Post written by
Growth advisor at 500 Startups, Plug and Play Tech Center and Techstars. Best-selling author and The Oracles member. Startup Growth Mode
Many of the startups I have worked with started from scratch and didn’t have a plan to move forward with their IPO journeys. CEOs would often ask me how they could get from where they were to an IPO. By building a plan and continuously moving forward, they were able to achieve their goals. Now, I’d like to share with you the exact steps they took to get to an IPO:
Choose an underwriting group.
The first step is to ensure that you have management, tools and a process in place to support an IPO. Once your startup has all of these elements, you can go about selecting a group of investment banks that will support the IPO process. These investment banks are known as “underwriters.”
The process of interviewing banks and picking one that will lead the IPO and underwriting process is called a “bake-off” in the startup world. This is a competitive process and depends largely on the group of banks that dominate your industry, which might include Goldman Sachs, Morgan Stanley and other credible sources.
One thing I have noticed is that many startups want to get as many investors as they can in the door to support their stock when they go public. When you are looking at banks, try to find one that already has a network of investors and can bring value to your startup through its connections.
Have the first of many organizational meetings.
This initial meeting will draw the line for meetings to follow: financial, legal and commercial. I call this the “grand meeting.” It will help ensure the sustainability of the business as you prepare for the IPO. Remember, investors are doing their own due diligence to make sure your management team is ready for the company to go public.
In my experience, the grand meeting is an all-day event. Essentially, it is a brain dump of how you see the company in the years after the IPO process ends. We go through everything from future employees, departments, revenue models and innovative moves to come. Also, in this meeting, I recommend making sure you have a strong equity story and setting investor expectations for the future.
File the SEC statement.
After the team players for the IPO are finalized – this includes lawyers, accountants and investment banks — draft the S-1. This is a registration form that is required by the Securities and Exchange Commission. I’ve viewed many of these documents, and the simplified version is that it tells the world about your business model, your company’s plan to make it big, its competition and corporate governance. The SEC basically wants all the information it can get to ensure investors are making a wise decision around their investment. The SEC will look at this document, review it and send it back with any amendments.
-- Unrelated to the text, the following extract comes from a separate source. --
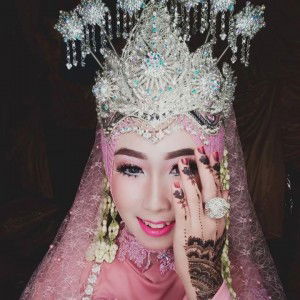 Fitri Handayani profile icon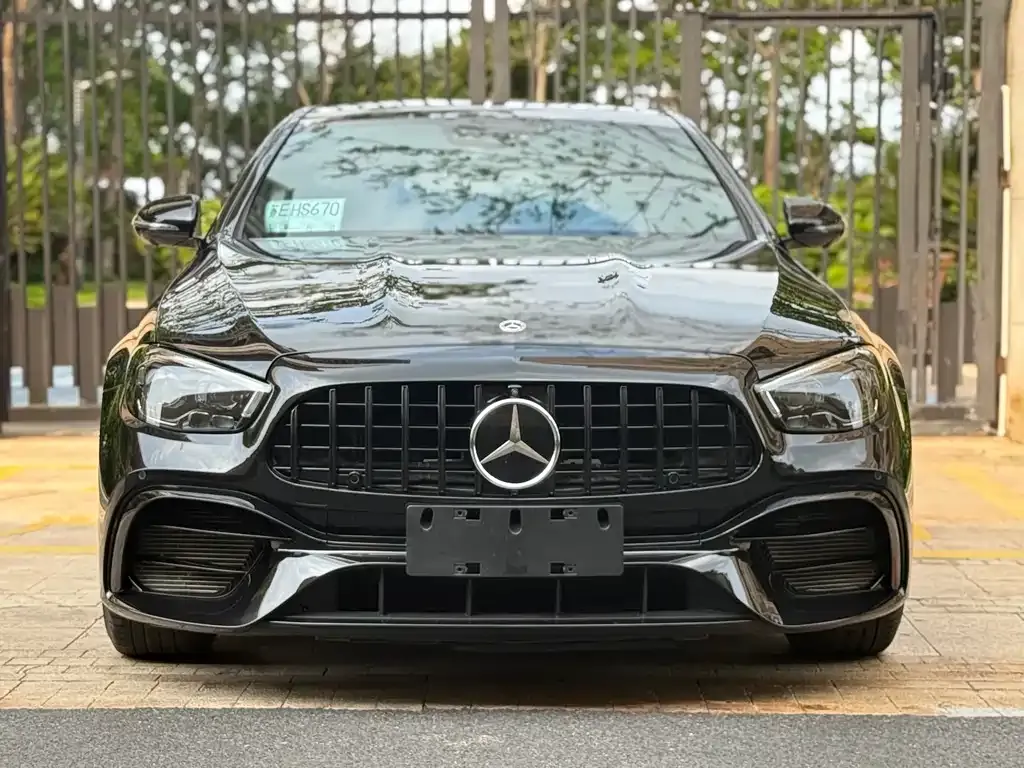 Mercedes-Benz E-Class AMG — фото 5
During this stage, I also built out many different “road shows” -- in other words, marketing stunts that would drive investors to buy more shares when the IPO launched. I drafted video presentations to persuade investors why it would be worthwhile.
During this time, you will want to decide where you want the IPO to be held, either on the NYSE or Nasdaq. This requires filing with the exchange because they may have certain prerequisites before listing the company.
Host a series of marketing meetings.
After you receive the final review back from the SEC and the underwriters have done their due diligence, it’s time to move forward with a series of meetings that will increase interest around the shares. This process usually takes two weeks and the investment bank is involved, as it plays a large part when it comes to promotion of the IPO. The capital markets group will help engage investors and find out the value they would like to pay per share. Then the group will come up with the final price.
One of the biggest challenges for a startup is engaging investor interest. Everything is about presenting your compelling equity story at the right time. In my experience, it’s difficult to know the right value per share and the right timing, but the compelling story starts with your team.
Price the shares.
The banks typically look at several different factors that include: present value of the cash flow, the value of the company in relation to sales of the company and other competition based on competitor interest. The investors and the banks come up with a price and the number of shares to sell, and then the SEC approves it. There are three steps of the process after that: The underwriters have a chance to purchase the shares, then the investors and then anyone listed on the public exchange. The price sold to the investors could be different than the price sold on the exchange.
Get on the exchange.
The IPO kicks off with a small discount for investors who are interested in purchasing first because they are bearing the most risk. The chosen price will ensure that the supply and demand of the stock is well balanced. Once the stock is out, the designated market maker will ensure its stabilization and prepare it for trading in larger ways. This whole process is called price discovery.
With the two startups I have worked with, the price was able to stabilize and correct itself after 11 minutes. Then, the underwriters typically conduct research 25-30 days after launching the IPO.
This is a simplified version of what it really takes to go IPO. It may sound easy, but it’s a long process. Good luck!